PROVIDED DATA START

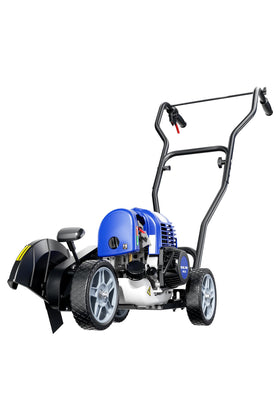 Wild Badger Power sidewalk edger blue design for precise edging along borders.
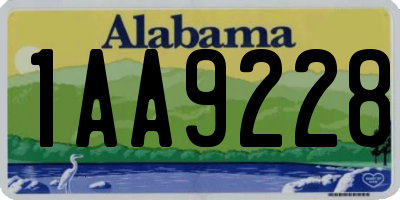 AL license plate 1AA9228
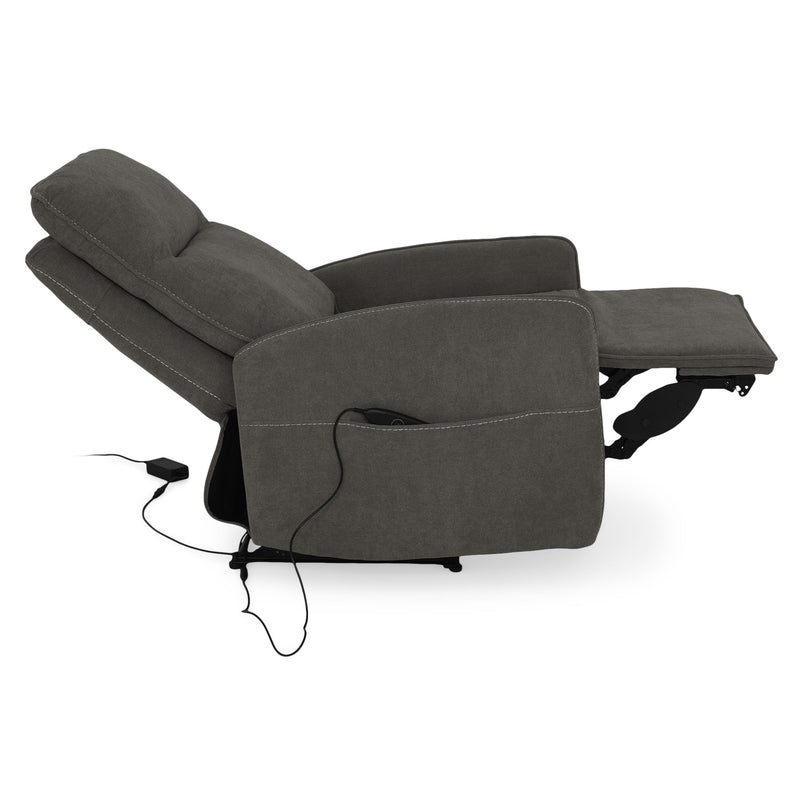 LONOKE Fotoliu, recliner și masaj, stofă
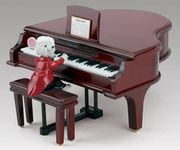 GOLD LABEL COLLECTION琴键可动琴谱感应弹奏木质钢琴八音音乐盒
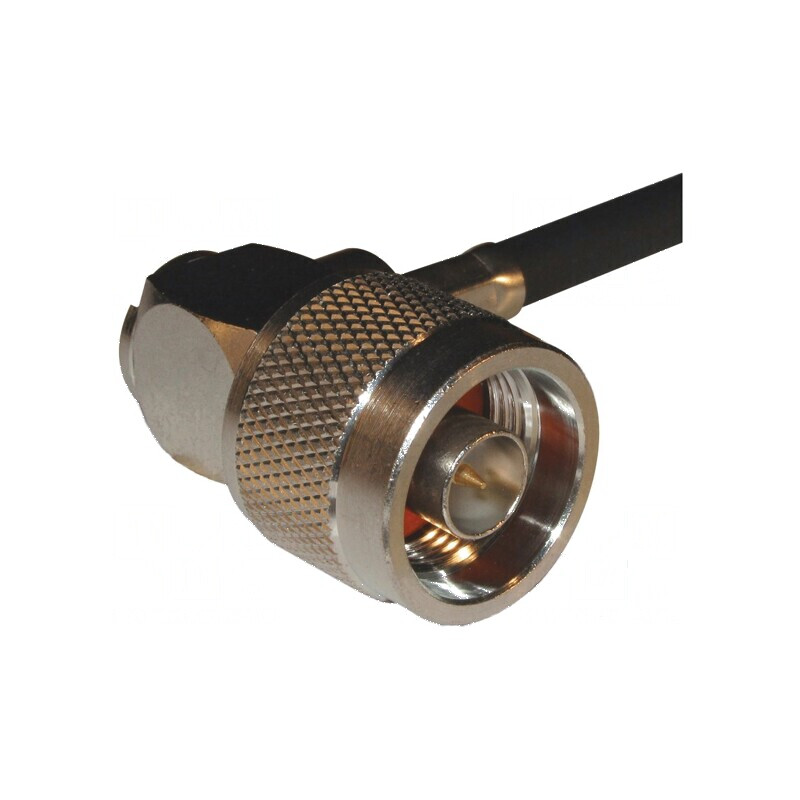 Conector N mufă tată în unghi 90° PTFE | Electronic-mag.ro | Componente Electronice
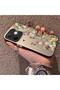 Oppo A5 Pro 5g Compatible Silicone Edge Hard Back Case Couple Phone Case with Floral Pattern - 2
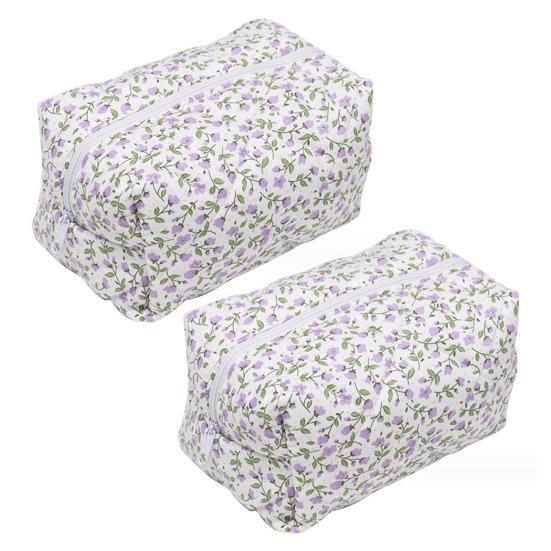 1/2 шт. косметичка с цветочным принтом на молнии большой емкости портативный лосьон для губной помады ключи от наушников сумка для хранения кистей для макияжа дорожный бизнес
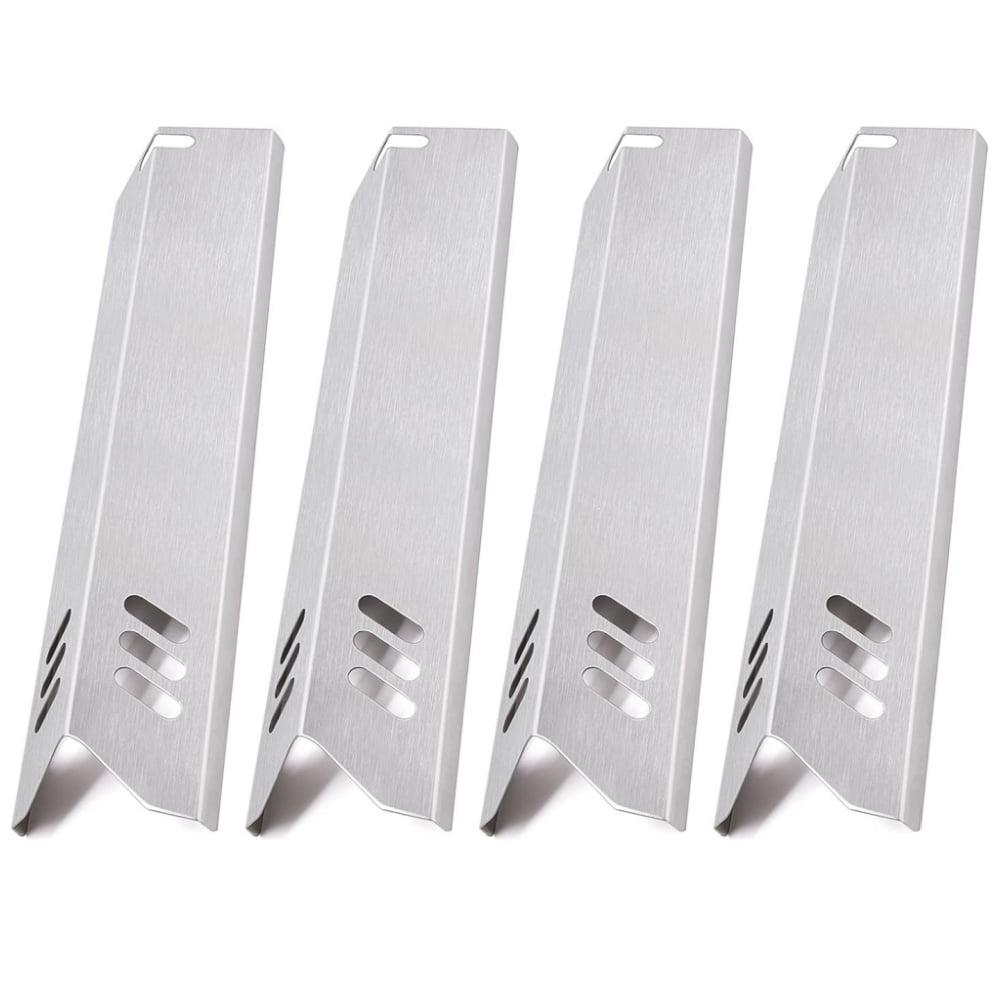 Unicook 15 Inch Grill Heat Plates for Dyna-Glo, Grill Burner Covers, Grill Parts Porcelain Heat Shields for Backyard, 4 Pack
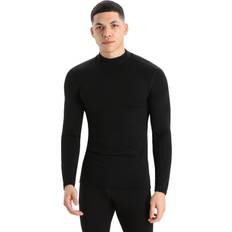 Icebreaker 260 Tech LS Turtleneck Merino base layer Men's Black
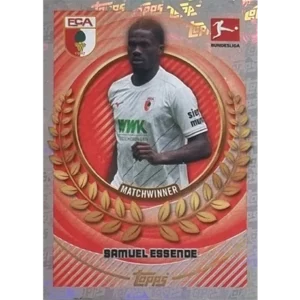 Topps Bundesliga Sticker Saison 2024/2025 / Sticker Nummer 028 Samuel Essende / Matchwinner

PROVIDED DATA END

### [YOUR OBJECTIVE]
Once more, give the listing above exactly, leaving each picture out.

### [EXERCISE OUTPUT]
 Wild Badger Power sidewalk edger blue design for precise edging along borders.
 AL license plate 1AA9228
 LONOKE Fotoliu, recliner și masaj, stofă
 GOLD LABEL COLLECTION琴键可动琴谱感应弹奏木质钢琴八音音乐盒
 Conector N mufă tată în unghi 90° PTFE | Electronic-mag.ro | Componente Electronice
 Oppo A5 Pro 5g Compatible Silicone Edge Hard Back Case Couple Phone Case with Floral Pattern - 2
 1/2 шт. косметичка с цветочным принтом на молнии большой емкости портативный лосьон для губной помады ключи от наушников сумка для хранения кистей для макияжа дорожный бизнес
 Unicook 15 Inch Grill Heat Plates for Dyna-Glo, Grill Burner Covers, Grill Parts Porcelain Heat Shields for Backyard, 4 Pack
 Icebreaker 260 Tech LS Turtleneck Merino base layer Men's Black
 Topps Bundesliga Sticker Saison 2024/2025 / Sticker Nummer 028 Samuel Essende / Matchwinner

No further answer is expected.